Tuesday, September 2, 2014

INTERVIEW WITH IAN ANDERSON of JETHRO TULL


What can you talk about with someone who has been releasing music for 45 years? I have read two books on Ian Anderson and his band Jethro Tull, seen a couple documentaries, and have listened to all of his music over most of those 45 years. I make no apologies (as evident below) in being a long-time fan as I believe Jethro Tull was about my 4th or 5th concert I ever attended back in my high school days in the mid 1970s.

I have seen him in recent years and have very much enjoyed the concerts. I am certainly excited about the next one in DC at the Lincoln Theatre on Thursday, November 6th. See you there!

David Hintz: …I do want to warn you that I am an over 40-year fan of Jethro Tull and not a cranky music critic.

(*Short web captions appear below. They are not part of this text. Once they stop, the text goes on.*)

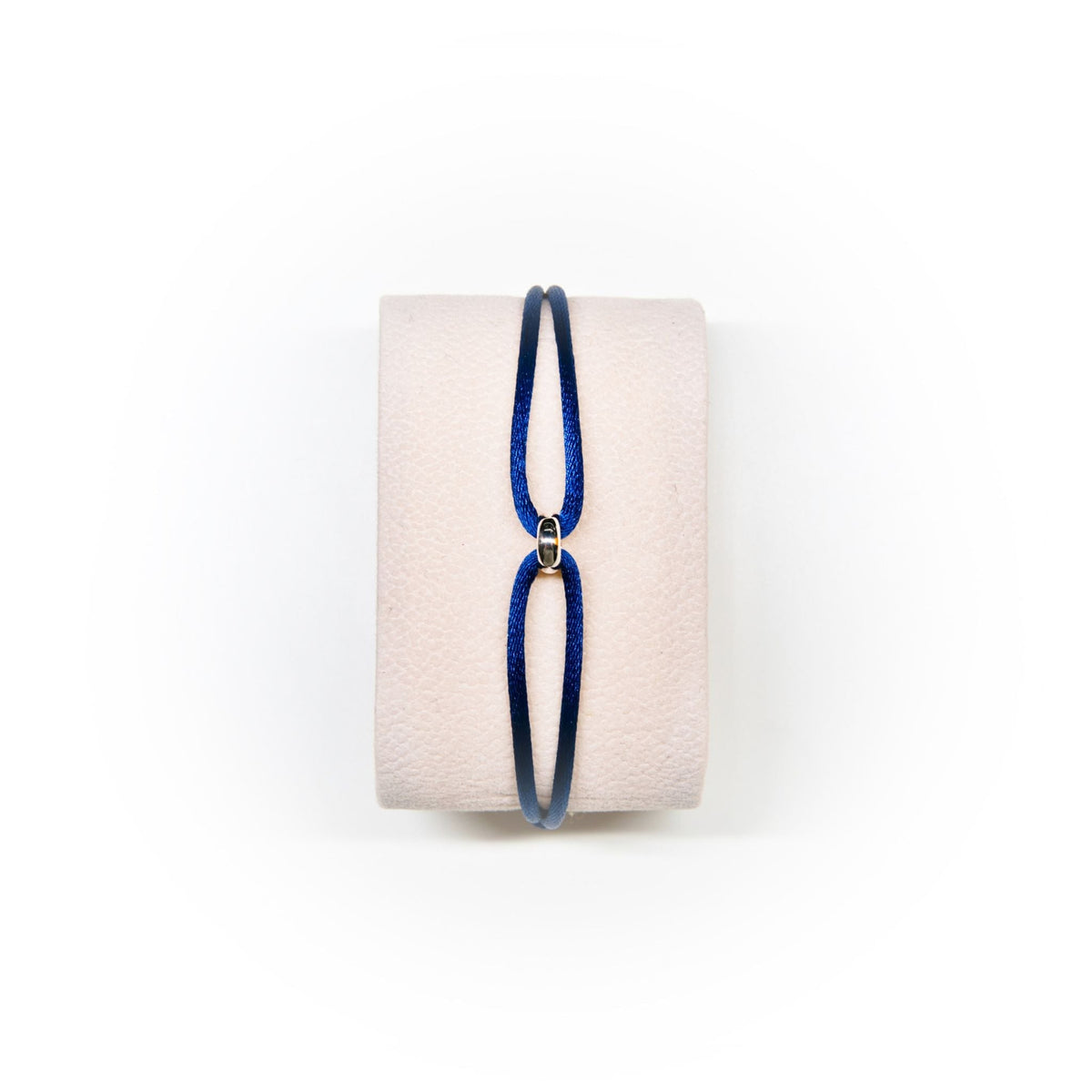 Pulseira Veneto By 'Aristocrat Club'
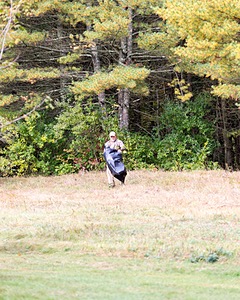 20161008-C-0009.jpg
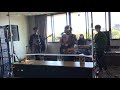 民族音楽研究会 Tempalay(cover)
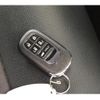 honda stepwagon 2023 quick_quick_6AA-RP8_RP8-1040637 image 18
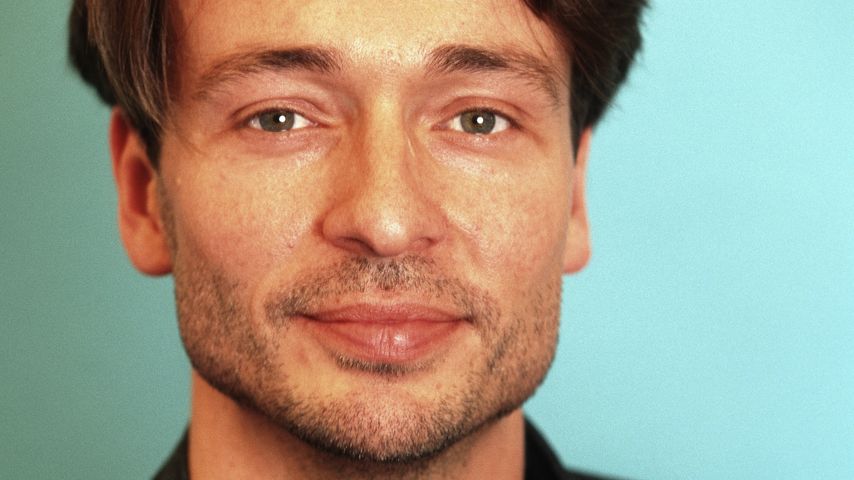 GZSZ-Altstars: Welche Serien-Geschichte soll weitergehen?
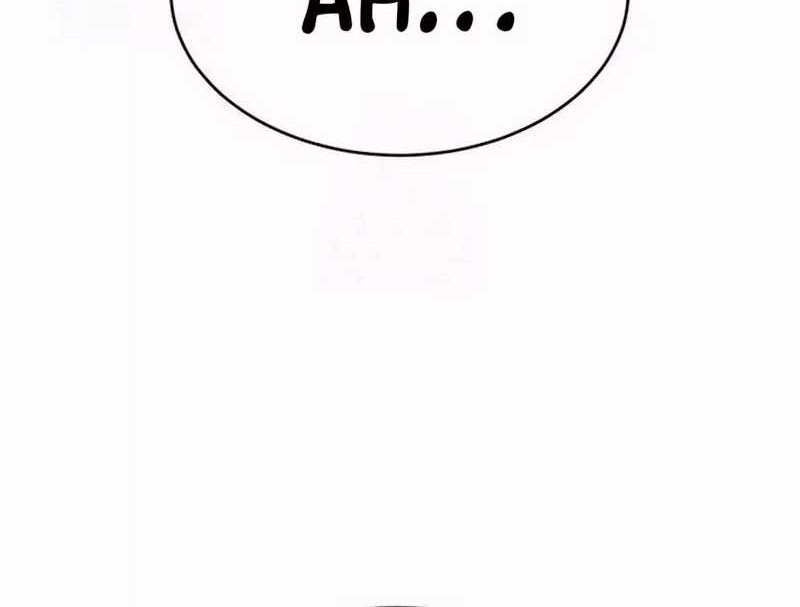 Chapter 14 - halaman 137
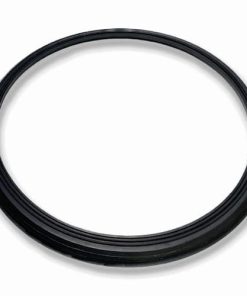 Sunniswi DD62-00050A Para Sello de Bomba de Drenaje de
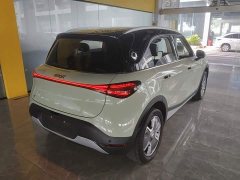 smart#1 Pro Edition - ფოტო 5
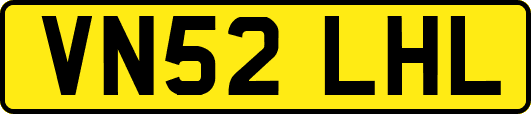 VN52LHL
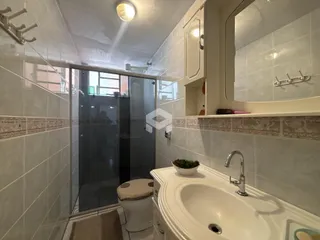 Apartamento com 3 dormitórios, foto 16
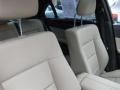 Arctic White - E 350 Sedan Photo No. 39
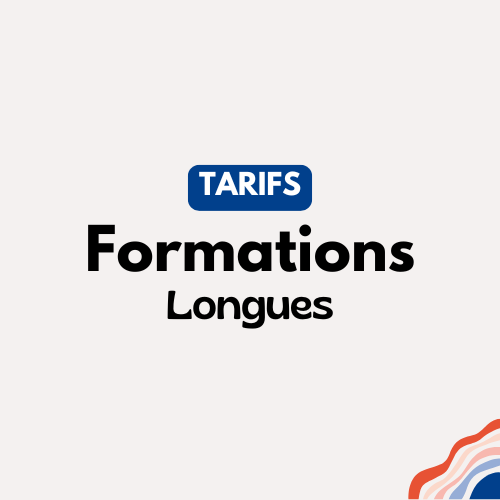 Formations longues.png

Ian Anderson: OK, fire away.

DH:  Alright, so let's get started with the new album, "Homo Erraticus", which might be one of my favorites among the many fine albums since "Roots to Branches" and beyond. But this one follows Thick as a Brick 2, which had brought back to life (fictional creation) Gerald Bostock. How did you decide to use Bostock in the writing of this album?

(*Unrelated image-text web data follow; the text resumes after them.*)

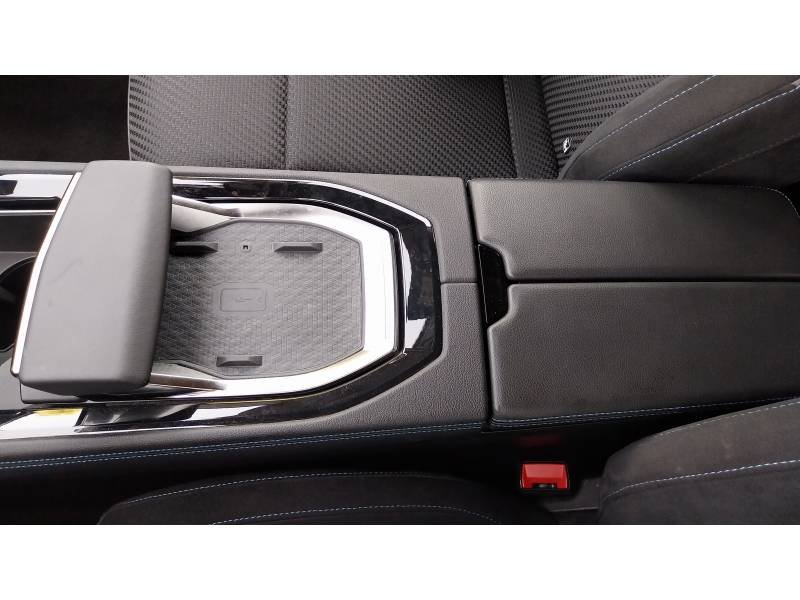 Renault Austral - Photo 15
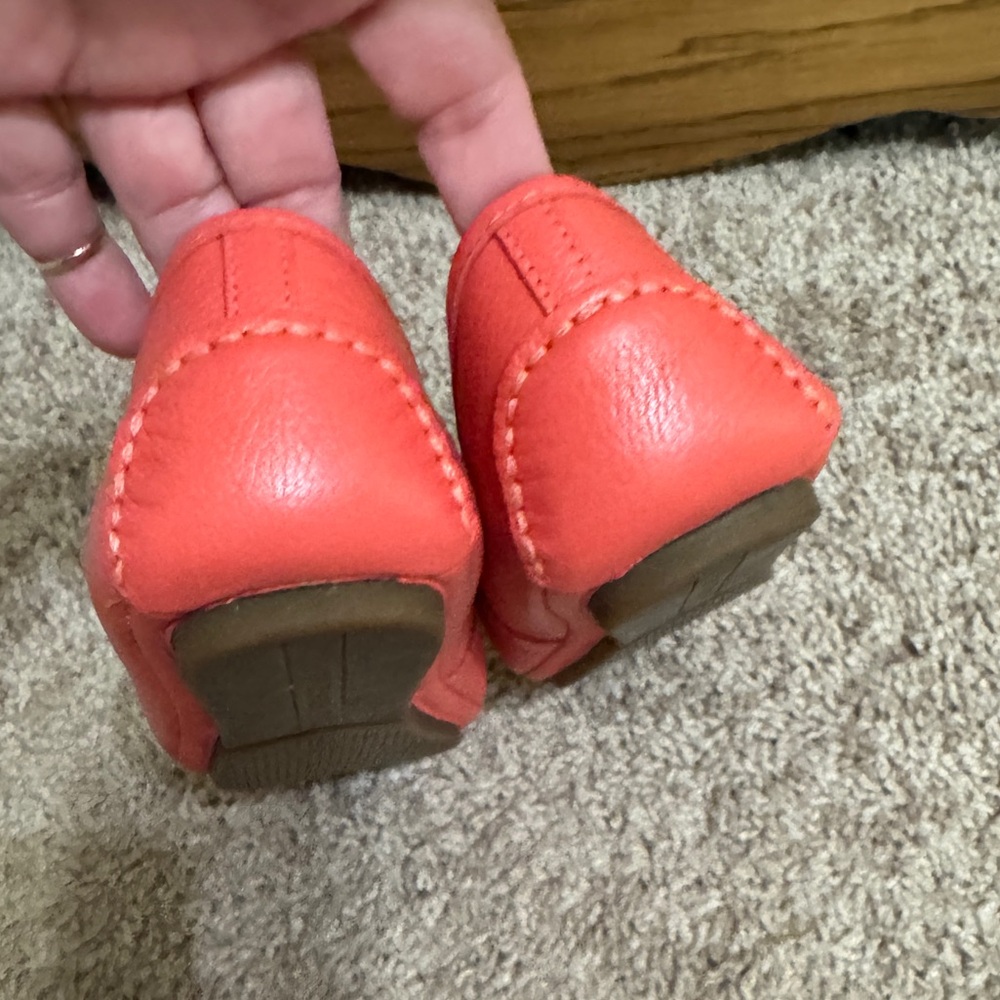 Michael Kors Ballet Flats - Picture 4 of 6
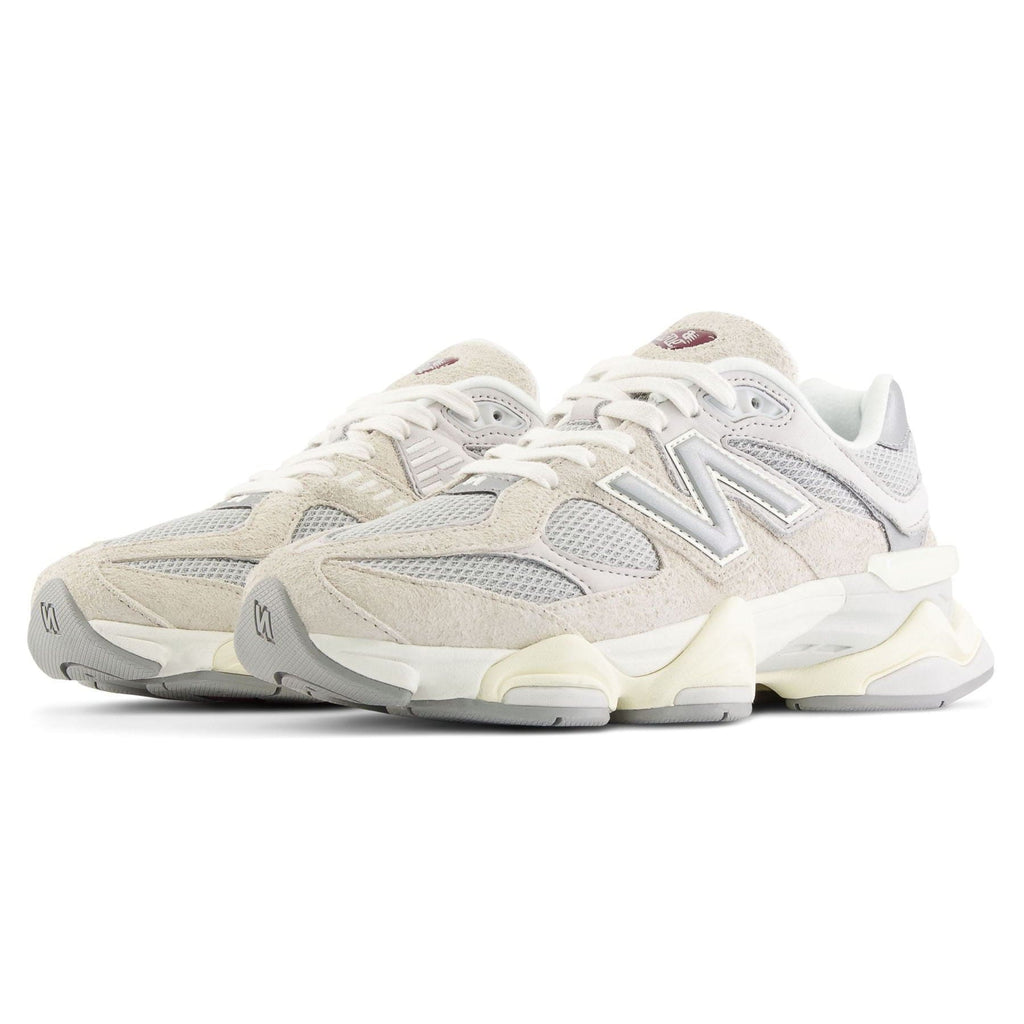9060 'Lunar New Year'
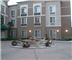 Holiday Inn Express Windsor-Sonoma County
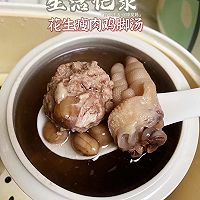ڻ⼦צͼƬ7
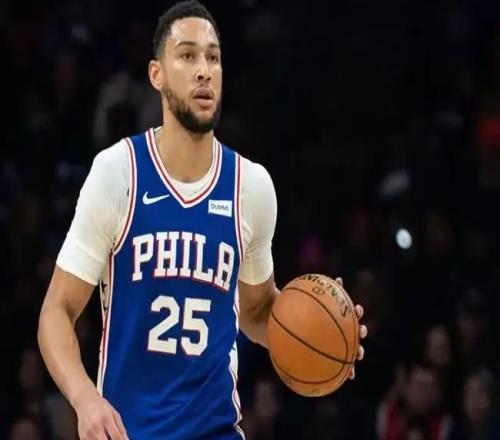 2022-2023赛季NBA国王主客场全部的赛程一览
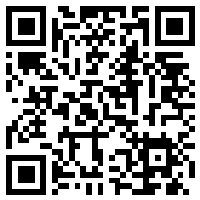 QR Code for bitcoin:1Pk3Uwjhng1orWQWH8zVZF4M83xJfUMBUt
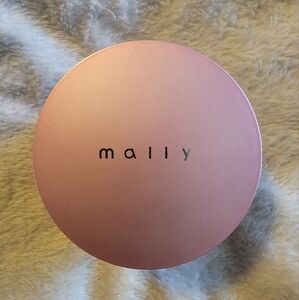 Mally Perfect Prep Eye Primer Cream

IA:  Only in as much as he is a writer's tool… he is a non de plume, an alter ego if you like who can express opinions that are not mine in a voice which is not mine, which allows me to get away from just telling you about me all the time which would become very very boring, very very quickly. So he is a useful tool and I think as a performer I have to perhaps behave a bit like an actor. I have to undertake character roles even though some of the things I may be saying are not my views. We assume sadly, in rock music, that when people say 'I' and 'me' or 'we' that they are talking about themselves. That surely does not apply to Quentin Tarantino when he writes a directs a movie and it didn't apply when Shakespeare wrote his works, it didn't apply with most of the great works of literature or even the lesser ones. So even Dan Brown who invents characters, or perhaps borrows them from somewhere else, I'm not sure… but whatever it is, you know in modern rock music we think it has to be heart on sleeve and for more than one reason I am not Alanis Morissette, I am someone who does not want to sing about me all the time or even very much of the time, since I think that is is a fairly small fraction of all the things I have ever written in which I am talking about my emotions. Most of those songs are from very early on in my career.

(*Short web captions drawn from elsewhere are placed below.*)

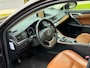 Lexus CT 200h Business Line Leder Navi Camera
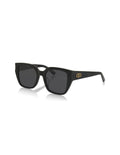 Dior Glow S1I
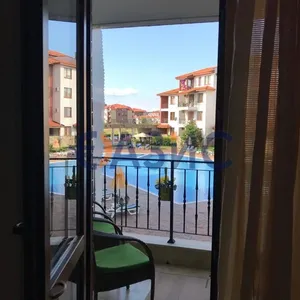 Квартира в Несебр, фото 2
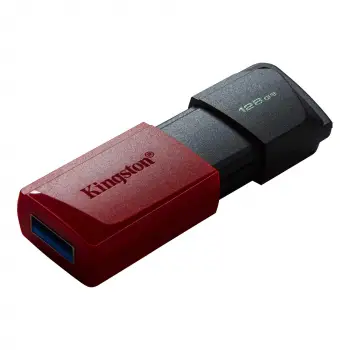ONTECH - 128 Gb Kıngston Exodıa M Usb Bellek 3.2 Dt Dtxm/128gb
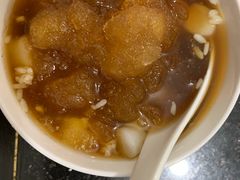 -肥龙火锅(南坪店)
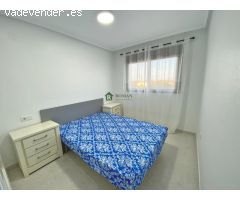 Piso en alquiler en Murcia!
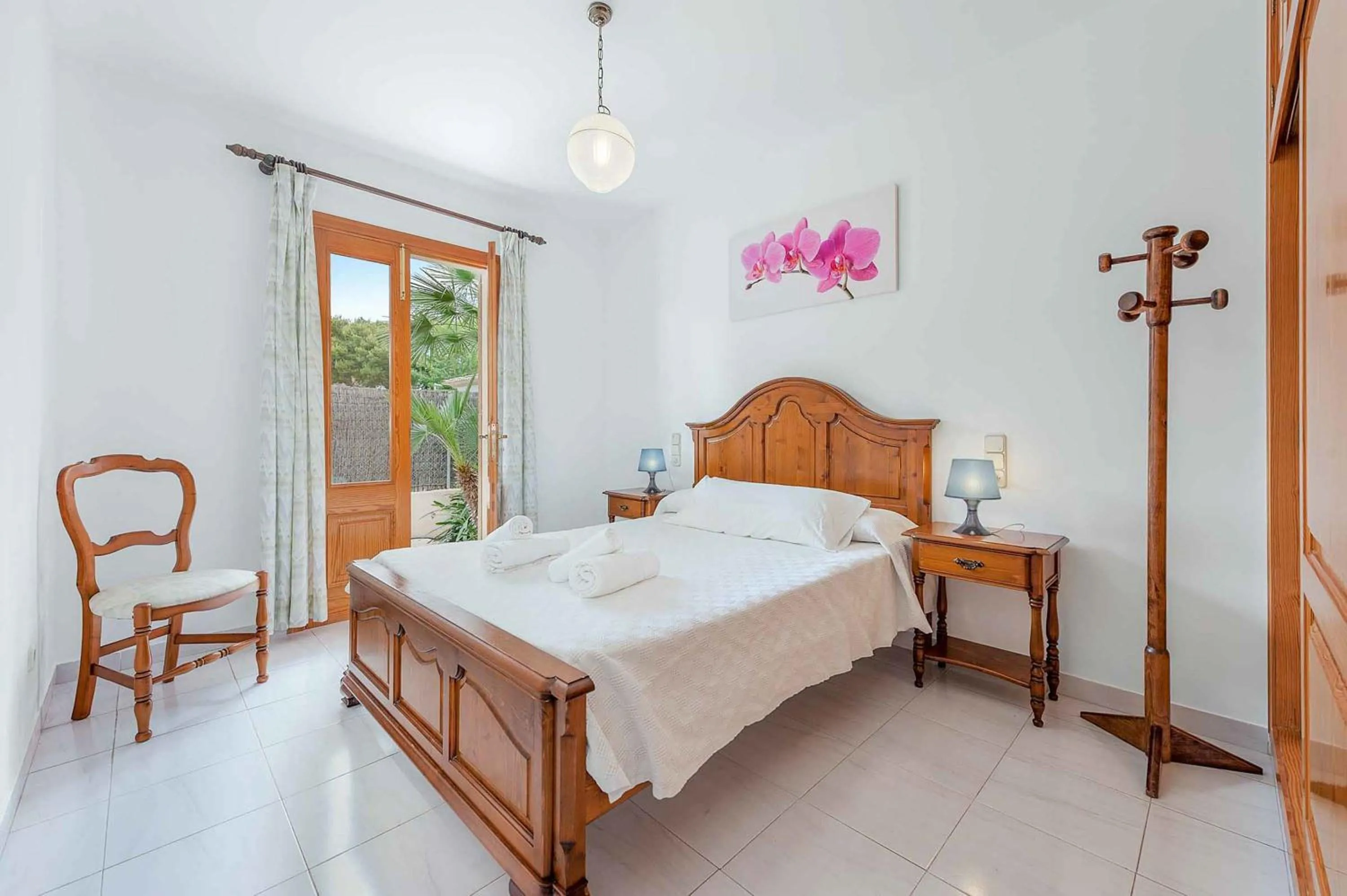 Other in Can Cladera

DH:  Yeah, and that makes sense. Most people start with 'coming of age' and contemporary themes when they are young. Now there are also quite a variety of musical styles on this album, even for you, which is generally par for the course. Are the arrangements worked out ahead of the time, and then fleshed out with the band? How did that work here?

IA:  Well the writing process started in the first part of January in 2013 when I started at 9:00 am on the first of January and spent the next two or three weeks working on the essential elements of the album. I polished them up a bit a couple of months later and then made some demos to send to the band along with all the lyrics and chord sheets and everything. So they had pretty much the parts that they could peruse over the coming months until we went into the studio to work on the rehearsals and the recording. And at that point, the basic structures and arrangements they have and have written (them) all out. We can play through most of the music, but without any of the real embellishment in terms of parts, so that becomes the most interesting bit about rehearsal--you let people come up with their ideas, listen to what they have, and here and there you might redirect them a little bit in terms of sound, in terms of musical polish, you have to make sure they works with everything else. When people come up with ideas in isolation, they might be quite good ideas, but they don't necessarily work, like what the bass player has might not work with the chords that the keyboard player has. You have got to be, in that period of rehearsal, fairly flexible and since the guys work with a lot of written music and a lot of scribbling, penciling, and rubbing out going on and hopefully after a day of working on a particular piece--of trying to get three or four minutes of real time music brought up to recording standard every day. Then when the recording begins, ideally it is the same kind of schedule where you can try to nail four minutes or so each day and work to keep on the actual fairly detailed schedule of recording in order to deliver an album when you said you would do it.

DH: OK

IA:  I suppose the fun part is working on the arrangements and the bit that is not fun and gets very serious is the bit where you are actually recording because you really do have to pay attention and concentrate with less time for joking around and frivolity when you are actually recording. The fun bit is the week before.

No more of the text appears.